* _EXERCISE_: An exact restatement of the records below is expected.

(Stored entries)
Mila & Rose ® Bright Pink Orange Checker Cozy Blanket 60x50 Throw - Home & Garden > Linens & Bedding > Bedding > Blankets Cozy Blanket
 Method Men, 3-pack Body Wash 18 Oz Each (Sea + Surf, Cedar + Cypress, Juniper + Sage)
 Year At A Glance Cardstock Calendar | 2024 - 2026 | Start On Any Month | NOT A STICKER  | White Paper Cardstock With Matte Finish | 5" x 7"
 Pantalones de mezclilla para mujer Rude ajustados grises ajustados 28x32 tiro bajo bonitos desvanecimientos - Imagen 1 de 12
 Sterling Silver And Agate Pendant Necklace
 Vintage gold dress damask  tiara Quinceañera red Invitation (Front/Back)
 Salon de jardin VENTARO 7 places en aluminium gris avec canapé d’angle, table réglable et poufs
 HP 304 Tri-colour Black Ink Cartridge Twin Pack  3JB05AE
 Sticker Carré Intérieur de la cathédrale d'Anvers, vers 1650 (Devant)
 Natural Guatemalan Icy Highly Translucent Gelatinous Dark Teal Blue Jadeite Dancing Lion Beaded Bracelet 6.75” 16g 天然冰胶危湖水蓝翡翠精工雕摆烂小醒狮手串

* _RESPONSE BOX_:
Mila & Rose ® Bright Pink Orange Checker Cozy Blanket 60x50 Throw - Home & Garden > Linens & Bedding > Bedding > Blankets Cozy Blanket
 Method Men, 3-pack Body Wash 18 Oz Each (Sea + Surf, Cedar + Cypress, Juniper + Sage)
 Year At A Glance Cardstock Calendar | 2024 - 2026 | Start On Any Month | NOT A STICKER  | White Paper Cardstock With Matte Finish | 5" x 7"
 Pantalones de mezclilla para mujer Rude ajustados grises ajustados 28x32 tiro bajo bonitos desvanecimientos - Imagen 1 de 12
 Sterling Silver And Agate Pendant Necklace
 Vintage gold dress damask  tiara Quinceañera red Invitation (Front/Back)
 Salon de jardin VENTARO 7 places en aluminium gris avec canapé d’angle, table réglable et poufs
 HP 304 Tri-colour Black Ink Cartridge Twin Pack  3JB05AE
 Sticker Carré Intérieur de la cathédrale d'Anvers, vers 1650 (Devant)
 Natural Guatemalan Icy Highly Translucent Gelatinous Dark Teal Blue Jadeite Dancing Lion Beaded Bracelet 6.75” 16g 天然冰胶危湖水蓝翡翠精工雕摆烂小醒狮手串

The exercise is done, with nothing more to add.